EXERCISE BRIEF: Your task is to write out exactly the lines of the listing below, from the first down to the line that holds "Chromis dasygenys".

DATASET ENTRIES:
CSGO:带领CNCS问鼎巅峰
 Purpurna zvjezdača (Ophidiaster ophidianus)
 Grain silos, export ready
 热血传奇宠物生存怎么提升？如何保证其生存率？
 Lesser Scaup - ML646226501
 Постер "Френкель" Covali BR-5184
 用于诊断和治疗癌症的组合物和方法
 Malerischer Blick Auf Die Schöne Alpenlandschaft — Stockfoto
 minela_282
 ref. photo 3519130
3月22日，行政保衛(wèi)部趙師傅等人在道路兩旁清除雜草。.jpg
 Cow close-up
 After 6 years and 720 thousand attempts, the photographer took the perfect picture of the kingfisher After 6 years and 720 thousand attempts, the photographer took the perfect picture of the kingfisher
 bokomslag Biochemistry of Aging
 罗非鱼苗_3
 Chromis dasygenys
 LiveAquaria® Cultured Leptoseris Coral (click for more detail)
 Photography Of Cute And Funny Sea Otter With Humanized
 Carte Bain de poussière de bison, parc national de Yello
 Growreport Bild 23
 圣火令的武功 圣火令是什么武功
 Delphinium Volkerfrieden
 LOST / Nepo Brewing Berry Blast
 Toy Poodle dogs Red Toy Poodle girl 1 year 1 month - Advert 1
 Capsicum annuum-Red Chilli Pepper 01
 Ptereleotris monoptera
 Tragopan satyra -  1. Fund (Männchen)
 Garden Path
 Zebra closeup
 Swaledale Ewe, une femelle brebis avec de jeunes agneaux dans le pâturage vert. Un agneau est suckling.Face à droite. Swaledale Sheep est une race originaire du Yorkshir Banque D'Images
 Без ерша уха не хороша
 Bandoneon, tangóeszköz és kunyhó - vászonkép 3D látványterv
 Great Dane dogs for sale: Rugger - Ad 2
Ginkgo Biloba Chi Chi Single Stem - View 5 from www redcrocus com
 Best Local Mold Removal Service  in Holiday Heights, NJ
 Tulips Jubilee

RESULT OF THE EXERCISE:
CSGO:带领CNCS问鼎巅峰
 Purpurna zvjezdača (Ophidiaster ophidianus)
 Grain silos, export ready
 热血传奇宠物生存怎么提升？如何保证其生存率？
 Lesser Scaup - ML646226501
 Постер "Френкель" Covali BR-5184
 用于诊断和治疗癌症的组合物和方法
 Malerischer Blick Auf Die Schöne Alpenlandschaft — Stockfoto
 minela_282
 ref. photo 3519130
3月22日，行政保衛(wèi)部趙師傅等人在道路兩旁清除雜草。.jpg
 Cow close-up
 After 6 years and 720 thousand attempts, the photographer took the perfect picture of the kingfisher After 6 years and 720 thousand attempts, the photographer took the perfect picture of the kingfisher
 bokomslag Biochemistry of Aging
 罗非鱼苗_3
 Chromis dasygenys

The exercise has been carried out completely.